◆ **What you need to do**
Transcribe, exactly and without pictures, the lines below from the line with "Helemaal naar de haaien onesie" to the line with "Produktbild Emos LED-Langfeldleuchte", both ends included, and no others.
(Stored data begins)
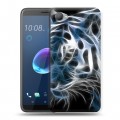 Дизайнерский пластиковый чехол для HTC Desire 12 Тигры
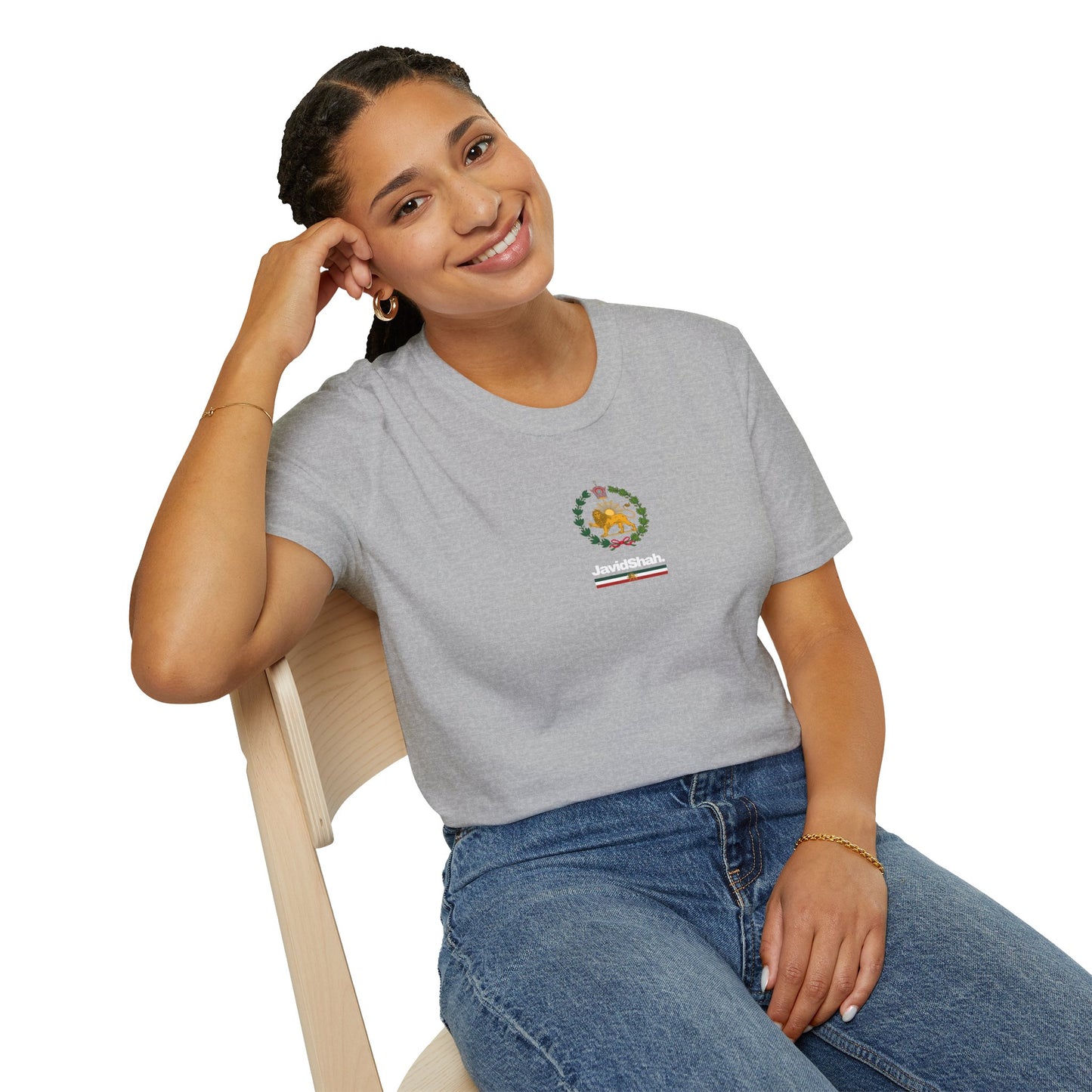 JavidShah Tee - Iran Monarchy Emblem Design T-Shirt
(Stored data ends)
(Stored data begins)
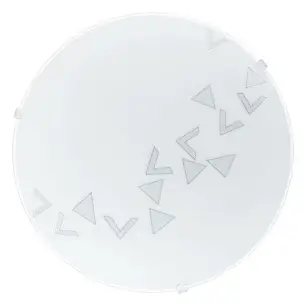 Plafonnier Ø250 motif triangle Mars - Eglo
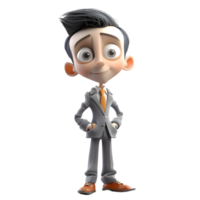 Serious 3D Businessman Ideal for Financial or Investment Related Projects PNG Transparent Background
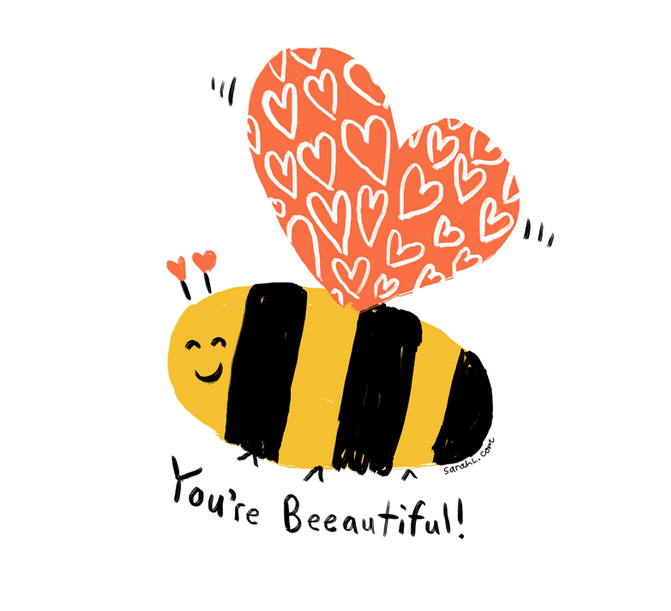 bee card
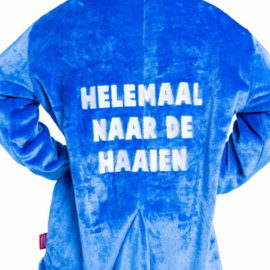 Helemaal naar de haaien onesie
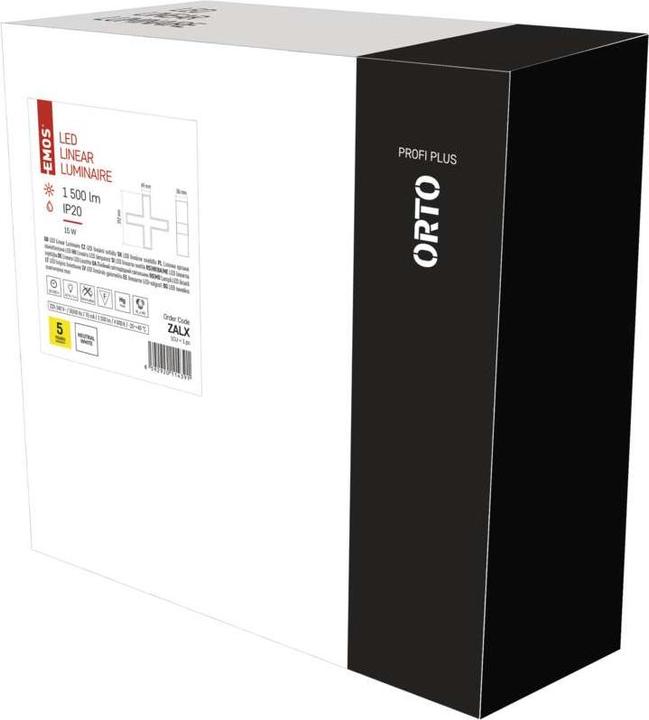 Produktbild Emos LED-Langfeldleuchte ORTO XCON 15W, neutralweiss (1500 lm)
(Stored data ends)
(Stored data begins)
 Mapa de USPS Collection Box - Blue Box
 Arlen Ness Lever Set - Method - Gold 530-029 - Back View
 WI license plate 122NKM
(Stored data ends)
◆ **Result of this exercise**
 Helemaal naar de haaien onesie
 Produktbild Emos LED-Langfeldleuchte ORTO XCON 15W, neutralweiss (1500 lm)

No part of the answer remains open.